Exercise inputs section start

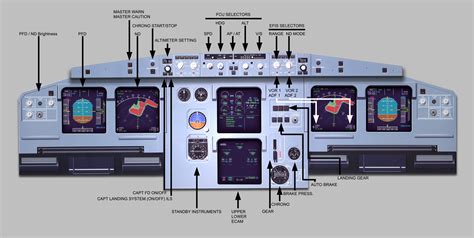 Airbus A320 Cockpit Diagram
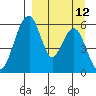 Goodnews Bay entrance tide chart for Thursday, September 12, 2024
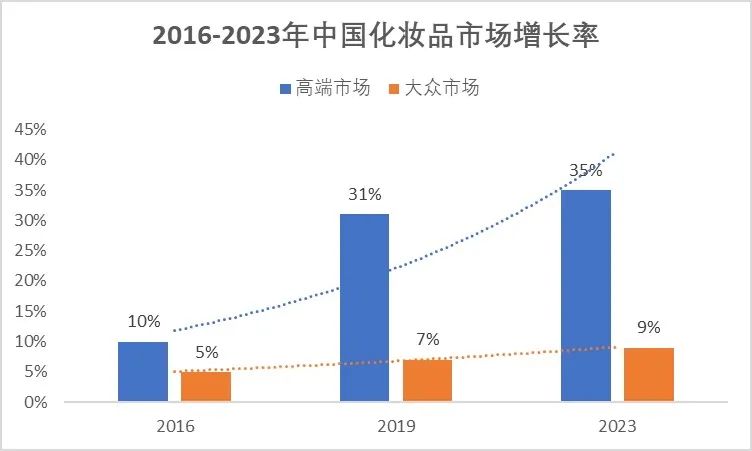 完美日记-花西子竞品分析报告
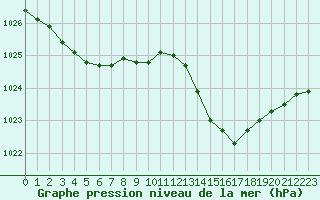 Courbe de la pression atmosphrique pour Evreux (27)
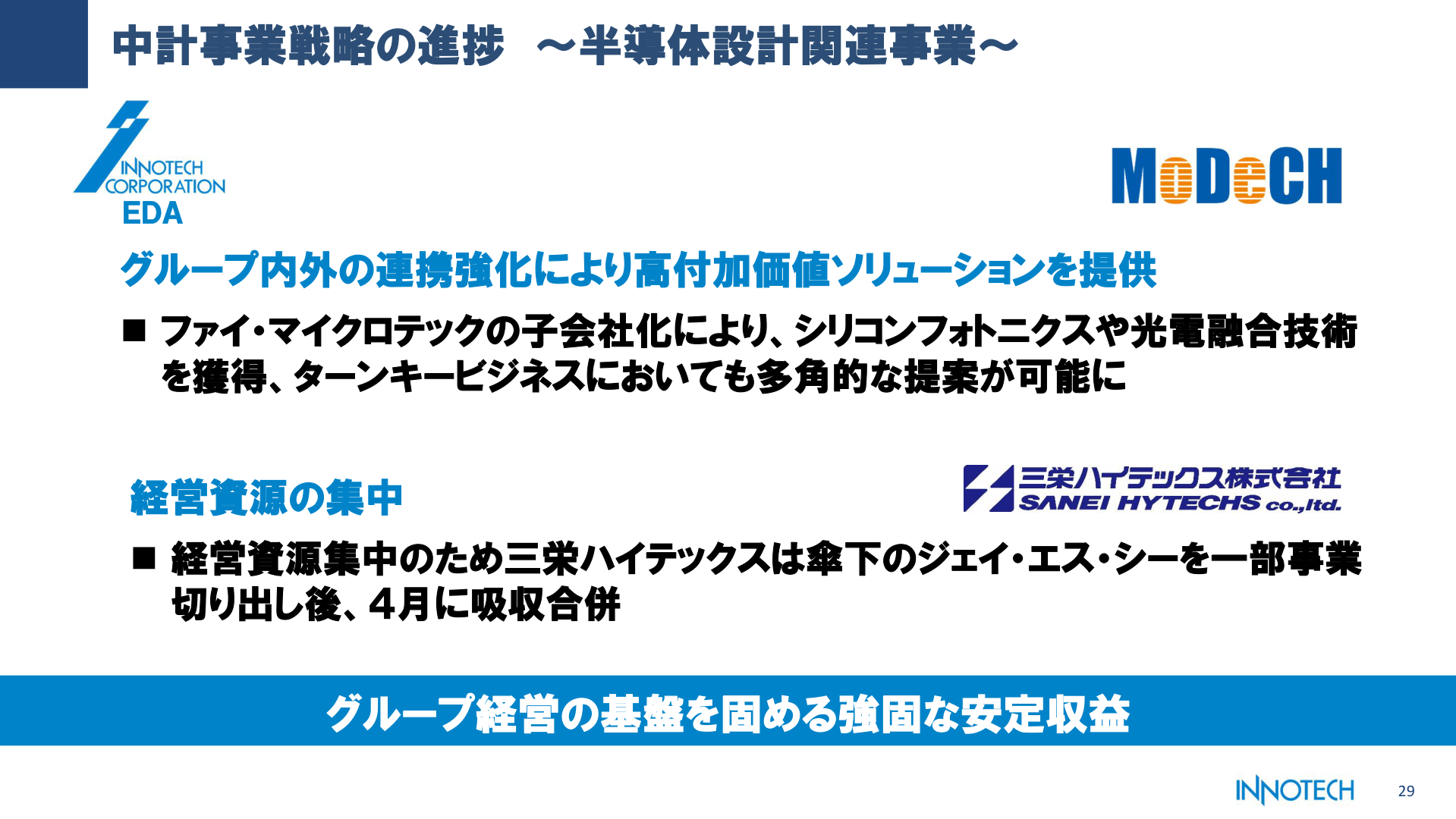 中計事業戦略の進捗(半導体設計関連事業・グループ再編)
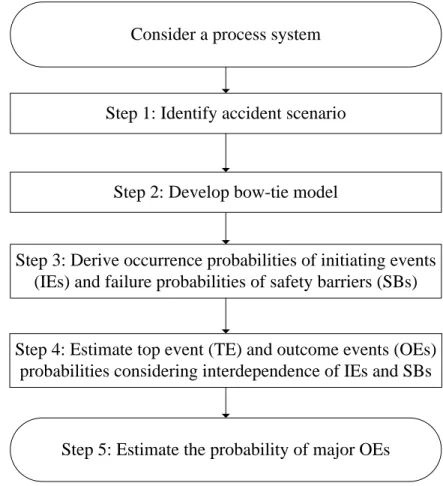 Figure 2.1 Methodology for risk assessment considering dependence. 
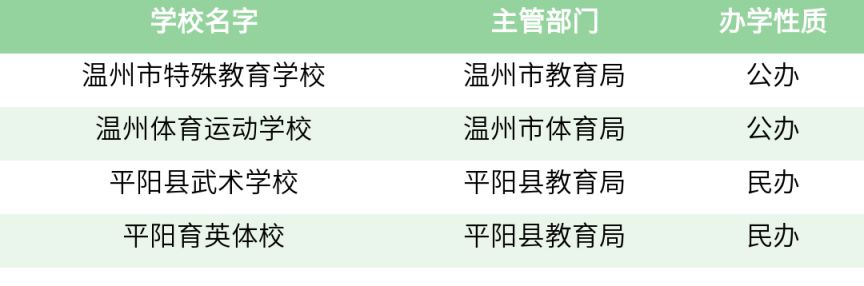 温州市2023年具有中等职业教育招生资质的学校名单公布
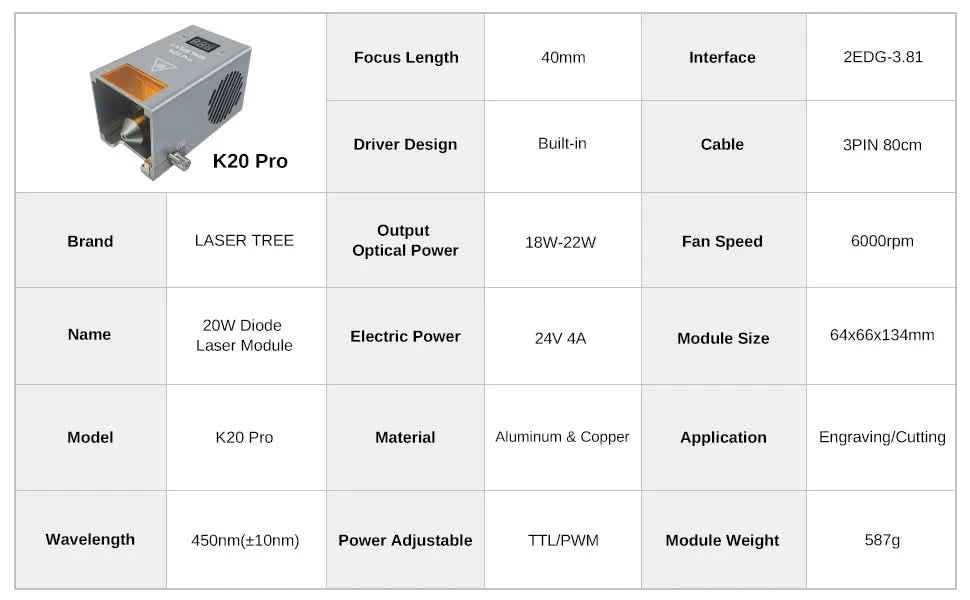 LASER TREE 10W 20W 30W 40W Optical Power Laser Head with Air Assist 450nm Blue Light TTL Module for Laser Engraving Cutting Tool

Exercise inputs section end

Directions for this task: Give again, word for word, only the lines from the line containing "温州市2023年具有中等职业教育招生资质的学校名单公布" through the last line above, both included; leave the pictures out.

Reply:
 温州市2023年具有中等职业教育招生资质的学校名单公布
 LASER TREE 10W 20W 30W 40W Optical Power Laser Head with Air Assist 450nm Blue Light TTL Module for Laser Engraving Cutting Tool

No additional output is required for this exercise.